> [TASK INSTRUCTIONS]
Exactly as written, output each of the lines below, with no images.
:: SUPPLIED MATERIAL
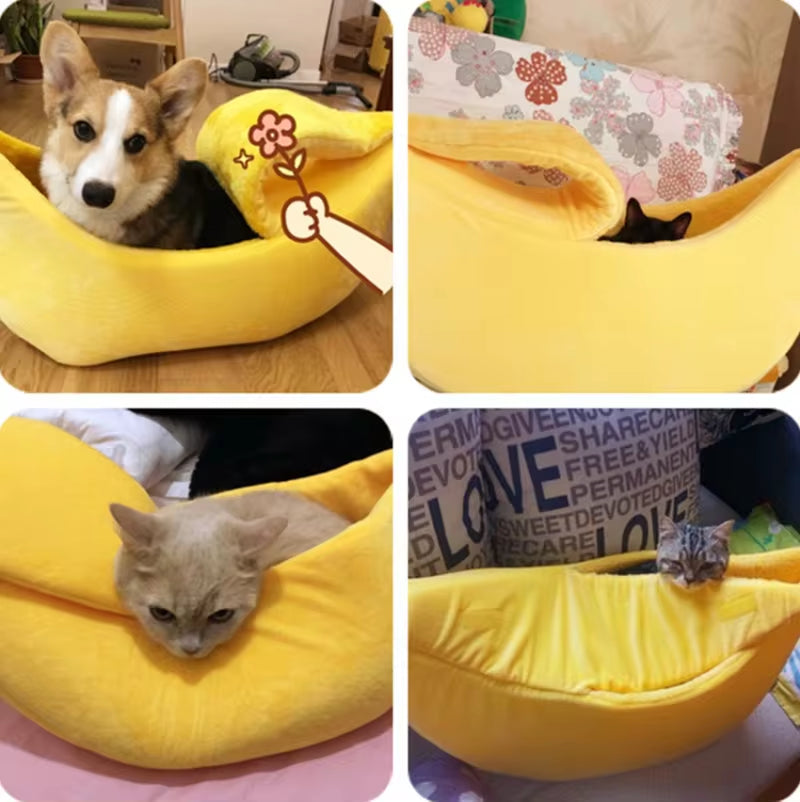Banana Shape Cat Bed – Cozy Plush Pet House for Cats & Small Dogs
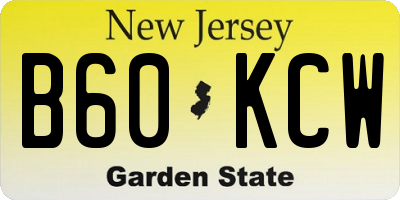 NJ license plate B60KCW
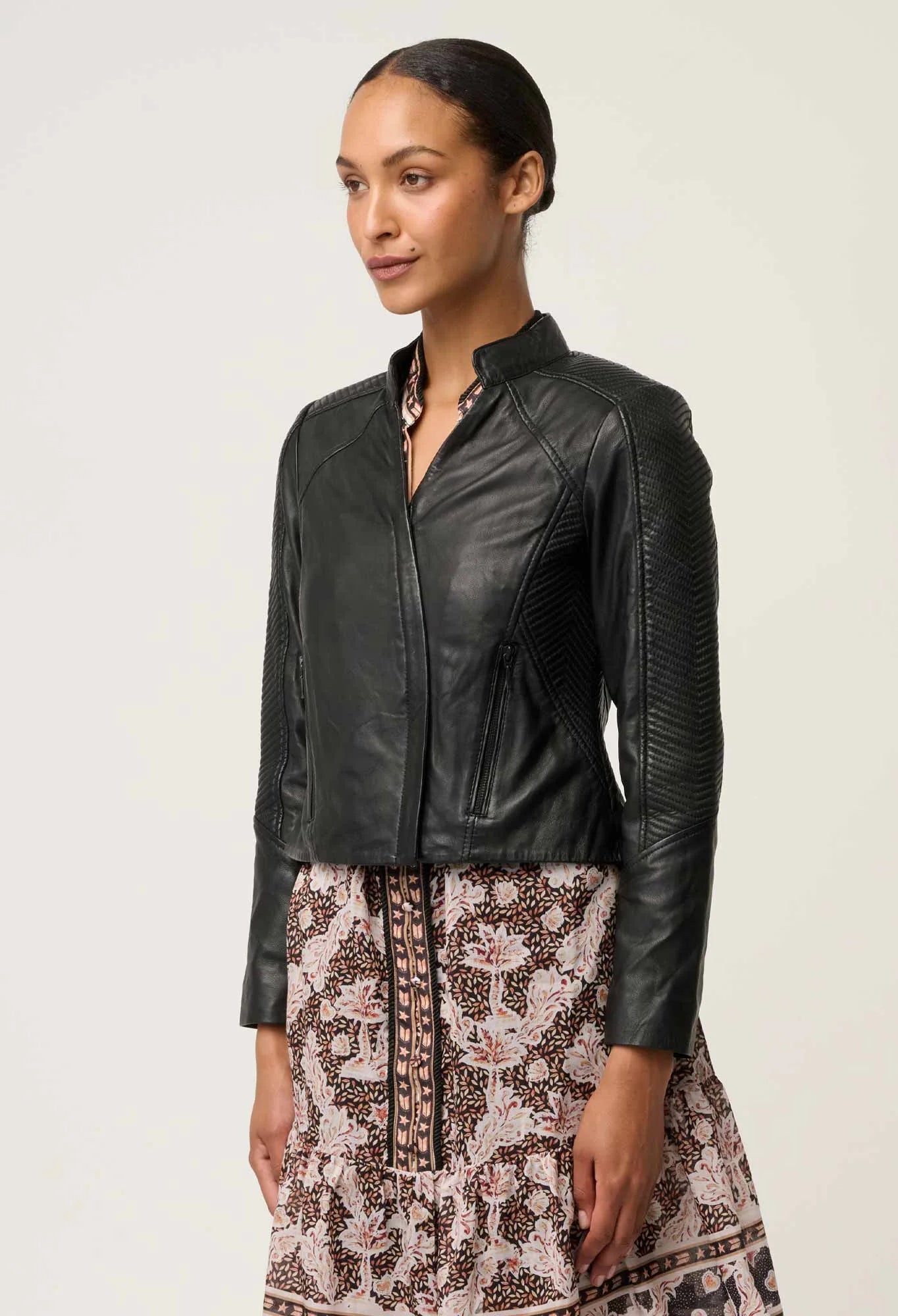 BLAIRE LEATHER HERRINGBONE STITCH JACKET in Black from Oncewas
::::
> [RESPONSE TO THE TASK]
Banana Shape Cat Bed – Cozy Plush Pet House for Cats & Small Dogs
 NJ license plate B60KCW
 BLAIRE LEATHER HERRINGBONE STITCH JACKET in Black from Oncewas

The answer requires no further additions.